Da Bologna arriva il garage rock sporco, essenziale e punkeggiante dei CUT, veterani della scena alternativa italiana in attività già da un quarto di secolo. “Dead City Nights”, il loro nuovo album, di certo non fa urlare al miracolo ma convince a pieni voti con un sound grezzo, genuino e gonfio di lurida energia, fedele ai canoni del genere e alle lezioni dei grandi del passato.
I punti di riferimento, tuttavia, sono tanti e assai diversi tra loro, visto che nella musica dei CUT si possono riscontrare echi più o meno lontani di The Sonics, The Stooges, Cramps, Gang Of Four, The Jesus Lizard e Radio 4.
A guidare i giochi sono le chitarre elettriche di Ferruccio Quercetti e Carlo Masu, autori di riff ruvidi e taglienti che si intrecciano tra loro creando trame sempre interessanti. L’assenza del basso si avverte ma non pesa troppo, anche perché la batteria di Tony Booza copre da sola in maniera più che egregia il lato ritmico del disco.
“Dead City Nights”, fedele al suo titolo, è un lavoro scritto per far da colonna sonora alle notti di una città morta. Attenzione però: la metropoli dei CUT non è un luogo esanime, bensì una terra di nessuno per individui ipereccitati alla ricerca del pericolo e di emozioni forti.
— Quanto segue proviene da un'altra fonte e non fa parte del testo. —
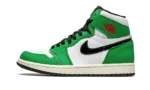 smart sneakers air jordan 1 high lucky green smart sneakers 3
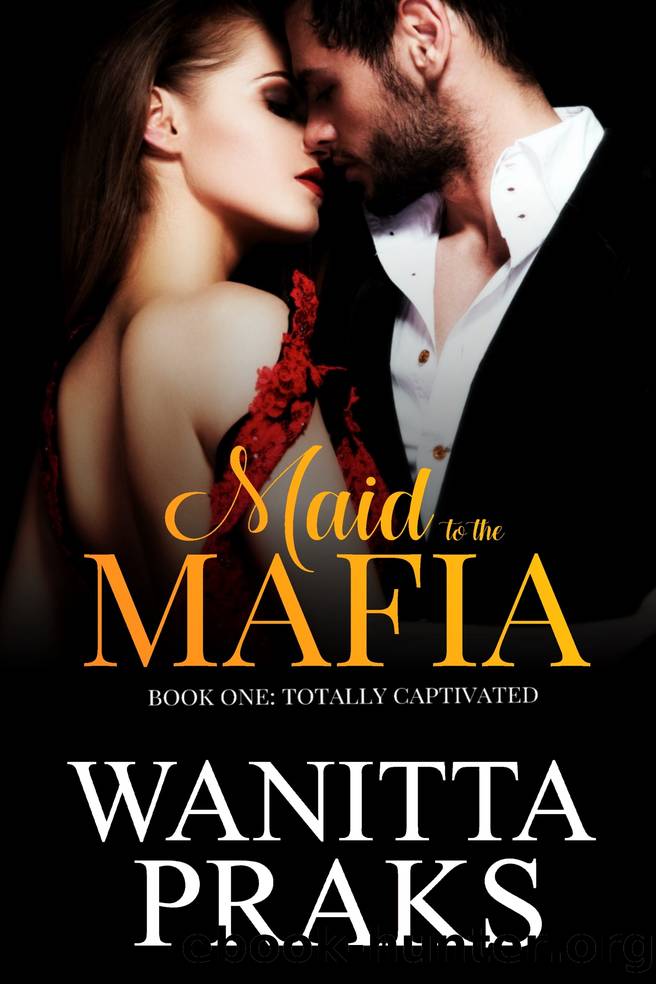 Totally Captivated by Wanitta Praks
È un groviglio di vicoli puzzolenti dove dominano il caos, la violenza, la lussuria e il divertimento.
Un’esplosione di decadente bellezza e rozza vitalità che sembra fare il verso ai minuscoli universi che si nascondono sotto i celebri portici bolognesi, dove pilastri rovinati da graffiti e pisciate reggono da secoli un patrimonio di arte e cultura protetto persino dall’UNESCO. Un ottimo mix di classe e cattiveria che consigliamo a tutti gli amanti del garage rock. Originale o revival che sia.